Gastroenterology & Hepatology

March 2020 - Volume 16, Issue 3

Gastro-Hep News

Samantha Alleman


Esophageal DNA Test Granted US Food and Drug Administration Breakthrough Device Status

The US Food and Drug Administration (FDA) has granted Breakthrough Device status to an esophageal DNA test (EsoGuard Esophageal DNA Test, Lucid Diagnostics) designed to help identify patients at higher risk for dysplasia and esophageal adenocarcinoma due to chronic gastroesophageal reflux disease (GERD), according to a press release published online on February 11, 2020 by the company. Breakthrough designation expedites device development and assessment and allows devices to receive priority FDA review.

The test, which is commercially available as a Laboratory Developed Test, is performed on esophageal samples collected using the company’s EsoCheck Esophageal Cell Collection Device. The test uses next-generation sequen­cing of bisulfate-converted DNA to identify methylation at 31 different sites on the VIM and CCNA1 genes. A prior study of 408 patients reported a sensitivity and specificity greater than 90% at detecting Barrett esophagus, with and without dysplasia, and esophageal adenocarcinoma.

Two upcoming studies headed by lead investigator Dr Nicholas J. Shaheen will compare the esophageal DNA test to the gold standard of endoscopy with biopsies. The screening study will include GERD patients without a prior diagnosis of Barrett esophagus or eso­phageal adenocarcinoma, and the case-control study will include patients with a previous diagnosis of dysplastic or nondysplastic Barrett esophagus or esophageal adenocarcinoma.


Etrasimod More Effective Than Placebo for Patients With Moderately to Severely Active Ulcerative Colitis

Etrasimod (APD334, Arena Pharmaceuticals) 2 mg was more effective than placebo for improving modified Mayo Clinic scores and achieving endoscopic improvement in patients with moderately to severely active ulcerative colitis. Treatment with the oral, selective sphingosine 1-phosphate receptor modulator, which is currently in development for immune-mediated inflammatory disorders, also appeared to be generally safe and well tolerated among the study population.
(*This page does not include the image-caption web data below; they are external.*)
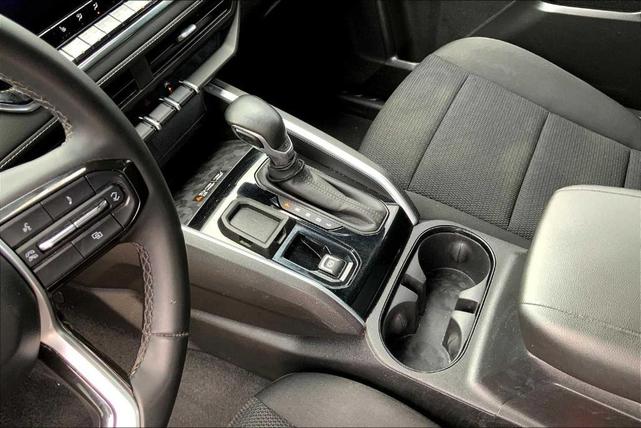 Photo of 2023 Summit White Chevrolet Colorado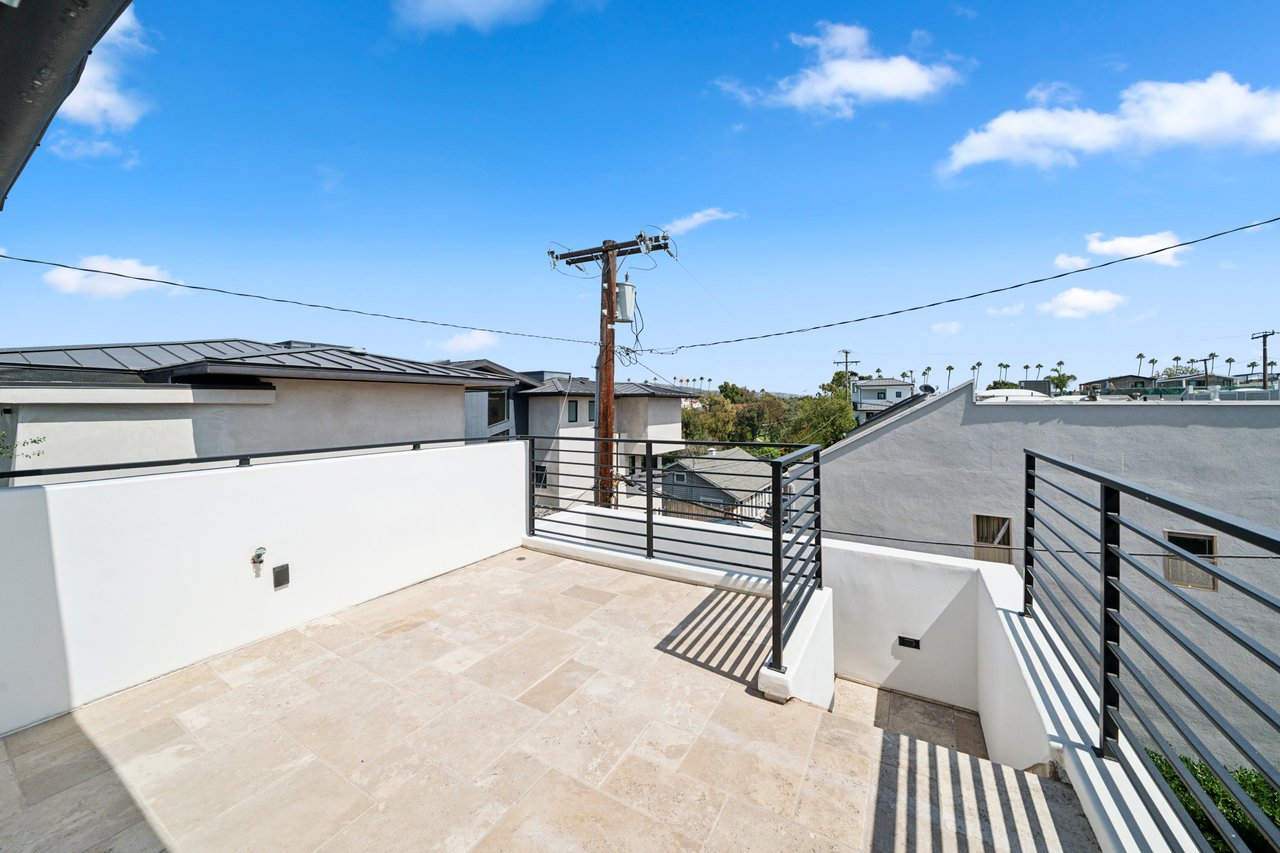 312 Carnation Avenue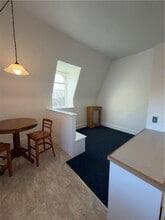 6 Sunnyside Pl in Newport, RI - Building Photo - Building Photo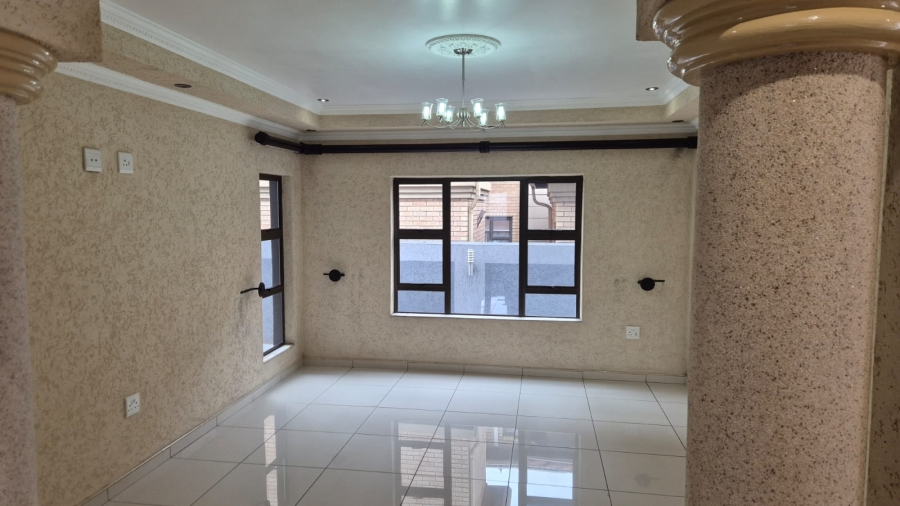5 Bedroom Property for Sale in Helderwyk Gauteng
Results of the phase 2, randomized, double-blind, parallel-group, placebo-controlled study were published in the February 2020 issue of Gastroenterology. Dr William J. Sandborn and colleagues enrolled 156 patients ages 18 to 80 years with ulcerative colitis and a modified Mayo Clinic score (including stool frequency, rectal bleeding, and endoscopy findings) of 4 to 9, endoscopic subscores of at least 2, and rectal bleeding subscores of at least 1. Exclusion criteria included disease limited to the rectum. Patients were randomly assigned to receive once-daily etrasimod 1 mg (n=52), etrasimod 2 mg (n=50), or placebo (n=54) for 12 weeks. The study, performed from October 15, 2015 through February 14, 2018 in 87 centers across 17 countries, had a primary endpoint of an increase in the mean improvement in modified Mayo Clinic scores from baseline to week 12. Secondary endpoints included the proportion of patients with endoscopic improvement (subscores of ≤1) from baseline to week 12.

A total of 141 (90.4%) patients completed the 12 weeks of treatment, with 15 patients discontinuing most commonly because of treatment-emergent adverse events. Every patient receiving etrasimod 2 mg met the primary and secondary endpoints. Compared to placebo, patients receiving etrasimod 1 mg and 2 mg had a greater increase in mean improvement in modified Mayo Clinic score from baseline (1 mg, nominal P=.15; 2 mg, P=.009). Additionally, 41.8% of patients receiving etrasimod 2 mg had endoscopic improvement vs 17.8% of patients receiving placebo (P=.003). Most adverse events were mild to moderate, although 3 patients in the etrasimod 1-mg group and 4 in the etrasimod 2-mg group discontinued treatment due to treatment-emergent adverse events. Three patients had a transient, asymptomatic, low-grade atrioventricular block that resolved spontaneously. 


In Brief

An investigational subcutaneous formulation of vedolizumab (Entyvio, Takeda) helped significantly more patients with moderately to severely active Crohn’s disease achieve clinical remission at week 52 compared to placebo (48.0% vs 34.3%; P=.008), according to data presented at the 15th Congress of the European Crohn’s and Colitis Organisation. The formulation has been submitted for regulatory review with several key regulatory authorities worldwide. J Crohns Colitis. 2020;14(suppl_1):S020-S021.